Rotational quantization rotates vectors before quantizing them.

The rotation can spread information more evenly across dimensions, reducing the quality loss from lower precision.

This can produce strong recall with faster compressed distance calculations, especially when the compression ratio is moderate.

How Binary Quantization Affects Recall and Latency

Binary quantization can make distance calculations very fast and reduce memory aggressively.

The trade-off is that one-bit representations may lose more detail than 8-bit or segment-based methods.

BQ can be excellent for some data and weaker for others, so recall must be validated against the actual embedding model.

Why Compression Sometimes Improves Both Recall and Speed

Compression can sometimes improve the effective recall-latency trade-off.

If compressed distance estimates are fast enough, the system may search a wider candidate set for the same latency budget. That wider search can offset the small quality loss from compression.

This is why compression should be evaluated on the recall-throughput curve, not as a single setting.

Recall vs Throughput Curves

A good benchmark plots recall against throughput or latency.

Each compression method should be tested at multiple search settings, such as graph breadth, probe count, candidate count, or rescoring limit.

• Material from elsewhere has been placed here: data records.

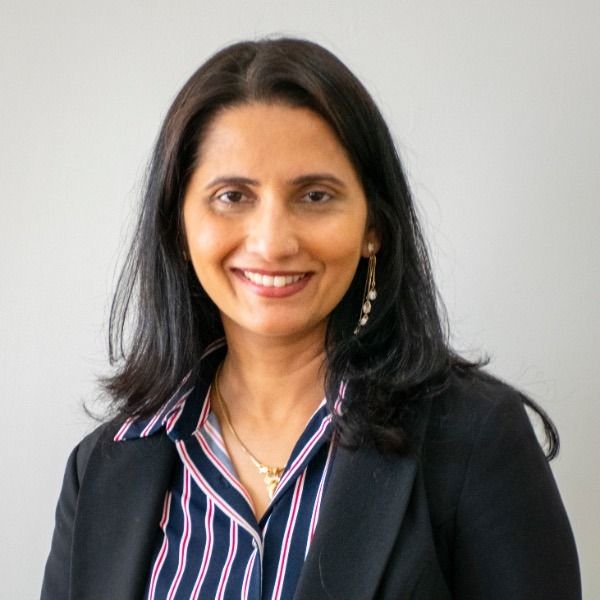 Harshna Patel
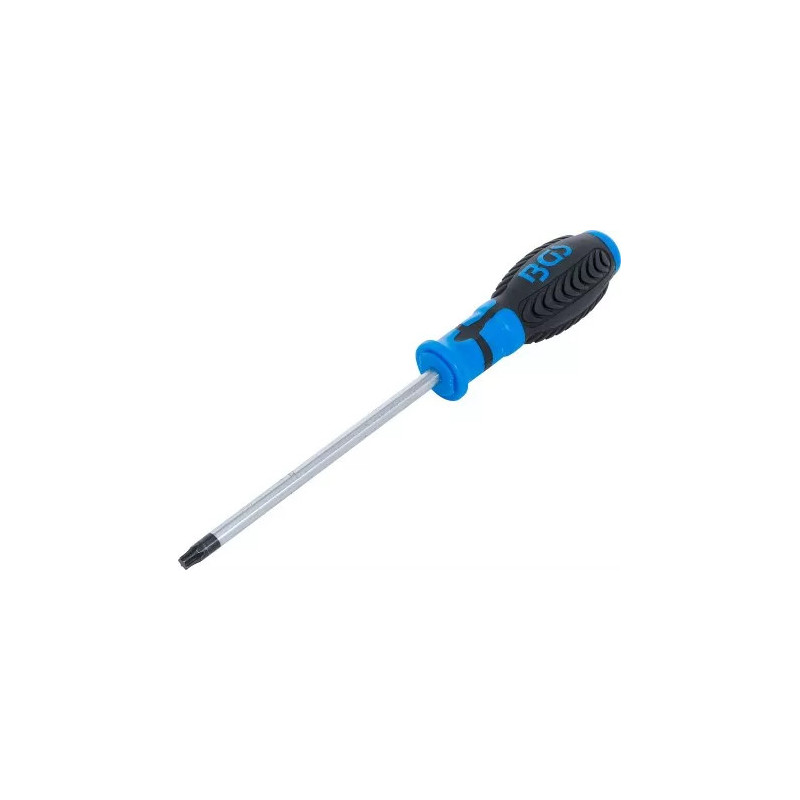 Tournevis | profil T (pour Torx) T40 | longueur de la lame 150 mm Tournevis | profil T (pour Torx) T40 | longueur de la lame 150 mm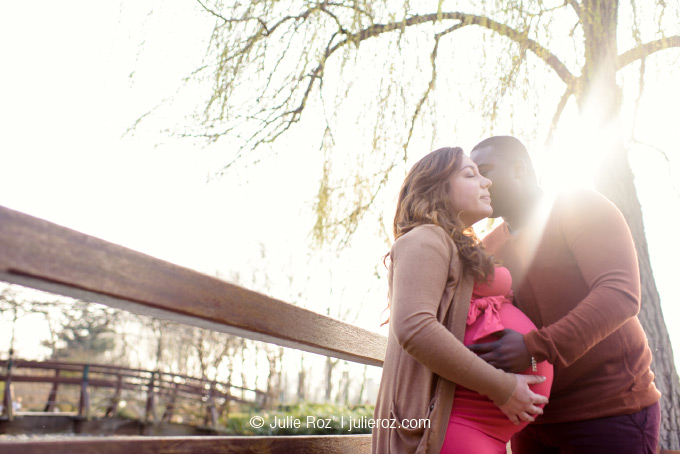Photographe grossesse Rueil Malmaison, photographe spécialisée grossesse Hauts-de-Seine : Lucile_6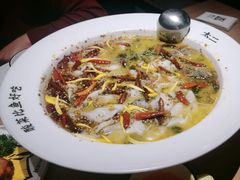-新太二·鲜料川菜(万泰汇店)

The best method is the one that meets the recall target at the lowest latency or cost.

Filters Change the Trade-Off

Metadata filters can make compression effects more visible.

If a filter leaves only a small eligible candidate set, compressed search may need to expand more aggressively to find enough valid results.

Always benchmark compressed search with real filters, not only unfiltered nearest-neighbor queries.

Memory Savings Still Matter

Even when compression slightly increases query work, it may still be worth using.

RAM is often more expensive than disk, and lower memory usage can allow smaller machines, more tenants, or larger indexes.

The production decision should consider recall, latency, throughput, and cost together.

What to Benchmark

Benchmark compressed and uncompressed search using:

  • recall at the target k
  • p50, p95, and p99 latency
  • queries per second under concurrency
  • memory usage before and after compression
  • candidate pool size
  • rescoring limit
  • filtered-query behavior
  • disk reads during rescoring
  • quality after embedding or data drift

Common Mistakes

Common mistakes include:

  • choosing the highest compression ratio without recall tests
  • measuring only average latency
  • ignoring p99 latency from rescoring reads
  • benchmarking without production filters
  • comparing methods at different recall targets
  • assuming rescoring fixes every recall loss
  • ignoring memory cost when latency is similar

Summary

Vector compression affects recall by changing distance estimates and candidate selection. It affects latency by reducing vector size while sometimes adding over-fetching and rescoring work.

The best compression setting is not the smallest representation. It is the setting that meets recall targets at acceptable p95 and p99 latency, with a memory and cost profile that fits production needs.